This guide describes:
- how to download source code for Nextclade CLI and Nextclade Web
- how to setup a development environment
- how to build and run Nextclade CLI and Nextclade Web
- how the official distributions are maintained, released and deployed
This is only useful if you know programming at least a little or is curations about how Nextclade is built.
⚠️ If you are Nextclade user or is looking to familiarize yourself with Nextclade usage and features, then refer to Nextclade user documentation instead.
⚠️ This guide assumes basic familiarity with Nextclade Web and/or Nextclade CLI as well as certain technical skills.

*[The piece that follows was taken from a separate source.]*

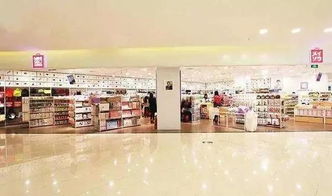 他靠10元小店，年銷100億 這才是商業模式的秘密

⚠️ Datasets are managed in a separate repository
Nextclade CLI is written in Rust programming language. The usual rustup
& cargo
workflow can be used.
If you are not familiar with Rust, please refer to documentation:
- Rust - the programming language itself
- Rustup - Rust toolchain installer and version manager
- Cargo - Rust package manager
as well as to the --help
text for each tool.
-
Obtain source code (once)
Make sure you have git installed.
Clone Nextclade git repository:
git clone https://github.com/nextstrain/nextclade cd nextclade
💡 We accept pull requests on GitHub. If you want to submit a with new feature or a bug fix, then make a GitHub account, make a fork of the origin Nextclade repository and clone your forked repository instead. Refer to GitHub documentation "Contributing to projects" for more details.
💡 Make sure you keep your local code up to date with the origin repo, especially if it's forked.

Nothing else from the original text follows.